MISSISSIPPIAN TECTONIC EVOLUTION OF THE GREAT BASIN: INSIGHTS FROM COMPILATION OF A LARGE SUBSURFACE DATASET
The results summarized here, based on more than 1400 analyses from both publicly accessible and proprietary data, demonstrate that the Gap Wash Formation and the Chainman Shale have different origins. Most important for resource assessment, the Gap Wash has significantly better potential as a hydrocarbon source than the Chainman. Electric logs in numerous wells show the unconformity clearly, allowing regional correlation and mapping. Subsurface data presented here demonstrate that the C2 unconformity extends south into southern Nevada and east into Utah.
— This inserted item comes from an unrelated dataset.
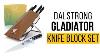 Dalstrong Knife Block Set 5 Piece Gladiator Series With Modular Multi Level Block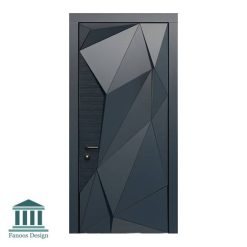 درب تمام چوب اتاق با طرح برجسته هندسی کد 30957 35 952 | فانوس دیزاین تولید کننده انواع درب اتاق ، ضد سرقت، درب ورودی و ضد آل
Once the Gap Wash and Chainman mudrocks can be distinguished and considered separately, they reveal a more nuanced tectonic history of the continental margin during Mississippian time. The Gap Wash Formation was deposited into accommodation space created by the loading of the continental margin during the Antler orogeny. The Chainman Shale was deposited into a broad transgressive seaway that subsided in response to resumed continental margin contraction in late Meramecian time. The angular unconformity between them (C2) records Mississippian (Meramecian) tectonism that post-dates the Antler orogeny. The tectonic implications of this work reinforce previous evidence that the western margin of North America was not quiescent after the Devonian-Mississippian Antler orogeny. Rather, shortening continued episodically through the Mississippian and later, with far-field effects extending well to the east of the shortening-related structures.